The wisdom of Bill

I was facing a big life decision recently so I went again to talk with my friend Bill. He’s the strong, silent type and a great listener but when he speaks, his voice always slices like a knife of insight through the goop clouding my thinking.

Bill’s place is very comfortable; shady with a great view of nature from where he rests – woodlands, pastures and now a large stand of loblolly pines that one day will be harvested. I laugh with him to think that when those trees are cut, people that have been driving by them for a generation are going to gripe and complain that the forest was cut down in pursuit of the almighty dollar.

They won’t remember the trees were planted 20 years earlier specifically as a cash crop to benefit the work of Baptist Children’s Homes of North Carolina, where Bill grew up, and lived and worked most of his career.

I can hear him chuckling and shaking his big ol’ head, rubbing the bald pate once forested with hair. The more time I’ve spent with Bill the more I realize he’s always understood people at a level much deeper than his easy-going nature typically revealed. He’s not snowed by the self-important preening of others who gathered around his table, even when it looks on the surface like he takes their words at face value.

I tell Bill how much I appreciate him, how he and his wife, Louise, took us in and showed us the ropes when I started working where he worked. I was a generation younger, in a higher “position” on the organizational chart and from another part of the country. None of that mattered, only that we respected each other, each worked hard and we all loved our children.

Bill doesn’t say much, but I know he cares. But, I digress.

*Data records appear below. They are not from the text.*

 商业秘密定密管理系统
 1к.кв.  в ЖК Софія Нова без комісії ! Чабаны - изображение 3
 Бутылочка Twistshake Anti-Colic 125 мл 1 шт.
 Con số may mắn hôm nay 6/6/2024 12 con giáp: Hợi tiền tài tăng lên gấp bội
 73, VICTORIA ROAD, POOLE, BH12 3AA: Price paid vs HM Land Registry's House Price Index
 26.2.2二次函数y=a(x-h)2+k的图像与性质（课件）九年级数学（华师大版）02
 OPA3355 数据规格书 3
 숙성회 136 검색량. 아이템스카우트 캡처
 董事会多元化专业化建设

I told Bill about the decision I faced. Comfort is cool; change is hard. His expression was stone cold, waiting for me to continue. The more I told him, the more I heard myself talking it through, the more it became clear which direction I should take.

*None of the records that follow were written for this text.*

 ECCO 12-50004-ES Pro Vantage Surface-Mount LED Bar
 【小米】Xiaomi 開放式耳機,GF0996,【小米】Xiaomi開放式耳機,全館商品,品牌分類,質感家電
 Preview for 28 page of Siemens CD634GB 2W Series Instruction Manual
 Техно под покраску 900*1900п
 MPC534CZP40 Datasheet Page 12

I just chuckled. He’s always like that now, waiting for me to talk it through between us, without saying anything, knowing that eventually I’ll make the right decision.

With that out of the way, I tell him I know that he and Louise are enjoying their time back together again after several years apart, due to circumstances beyond their control. I catch him up on the kids, and sense his pride in them, as he’s proud of every kid who grew up at Baptist Children’s Homes, also due to circumstances beyond their control.

Bill acts as if he has all the time in the world, and I’m reluctant to leave him, but…life goes on. I thank Bill for his time and wisdom, rise to my feet, brush the fallen oak leaves from his headstone, and close the gate to God’s Acre behind me.

Thanks again, Bill. You’re always there for me.

Mother’s Day 2019

HS graduation

Mom, left, at my high school graduation. Sisters Denise, and Linda, and Dad.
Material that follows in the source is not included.